Powerful words to live by in theory. Jim, who joined the service in 1987, recalled several instances where sergeants and fellow officers would openly use the “n” word around him. He said one day his colleague said to him jokingly,
“When is a n**ger not a n**ger? The answer is, “when he leaves the room.”
As a black officer, he was always ‘on guard’ – even though the mantra for belonging to this fraternity of being a cop is “you are one of us now, you are blue.” It has always been us vs them. As long as he donned that uniform, he was safe in blue. Once he removed that uniform, he became a “them...” just another black man profiled while driving - waiting to be stopped, or maybe worse.
Jim says there has been a dramatic shift from his early days to where things are now. There is sensitivity training and cultural diversity training. While well and good, systemic racism continues.
“One thing I can say is, the police are open to the conversation with the public… especially on racism and policing.”
The one question I wanted to ask him is why is a police officer rarely convicted after they are charged? Jim gave several reasons.
“Nepotism is rampant. It is about protecting your own. The people who are doing the investigating are typically former police officers, sometimes how the media reports the crime gets skewed.

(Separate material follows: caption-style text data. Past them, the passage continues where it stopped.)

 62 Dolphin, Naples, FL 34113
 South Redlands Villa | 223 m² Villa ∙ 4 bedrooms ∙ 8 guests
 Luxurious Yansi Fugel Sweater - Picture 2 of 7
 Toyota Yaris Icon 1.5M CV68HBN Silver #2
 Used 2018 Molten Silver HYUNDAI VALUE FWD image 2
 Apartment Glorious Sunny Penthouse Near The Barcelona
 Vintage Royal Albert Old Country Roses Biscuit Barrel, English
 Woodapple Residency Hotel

The SIU (Special Investigations Unit) should be the ones investigating the police.”
On July 16 the Toronto Police Service hosted its 4th virtual town hall meeting on police reform. This is a positive first step in the right direction, but where is the Toronto police really heading? Chief Mark Saunders is retiring at the end of July. With talk to defund the police off the table, how will the system transform? Will the new police chief address this unraveling of the system or will he or she forget what’s happened since the George Floyd murder and continue with business as usual?
I visited the Toronto Police Service website to view a snapshot of the 2020 Budget Request. This includes a request to add 40 neighbourhood officers, 140 Priority Response Officers, body-worn cameras, 8 traffic officers and 5 new Equity Inclusion and Human Rights positions. As a side note, 89% of the 2020 budget is salary-related.
One thing I want to see is a special task force (Priority Response Officers) who are trained to deal with wellness checks and citizens with mental illness, (re)build trust in lower-income and racialized communities, and higher screening and ongoing screening/psychological testing of police officers.
It’s time to hold police officers accountable. They need to practice law and order with humanity.
Photo credit: Fair Use Creative Commons here.
ii.
Impostor Syndrome: How to get past a failure verdict
By Flavian DeLima
I always thought impostor syndrome affected everyone -- fear of being "found out" or exposed as a fraud. Not so. A study by the International Journal of Behavioral Science found that about 70% of people can expect to have at least one episode of impostor syndrome in their lives. Two American psychologists, Pauline Clance and Suzanne Imes coined the term in 1978. They describe it as “phoniness in people who believe that they are not intelligent, capable or creative despite evidence of high achievement.”
I wondered if Sidney Poitier ever felt like a fraud as an actor. He was the first African American actor to win an Academy Award for best actor in 1963 for Lilies of the Field. In his autobiography, The Measure of a Man, he describes how he got his start in acting at age 18. After a short stint with the army, he found himself unemployed and uneducated in New York. Despite a thick Bahamian accent with no acting training and barely able to read, he saw an ACTORS WANTED ad and auditioned at the American Negro Theatre.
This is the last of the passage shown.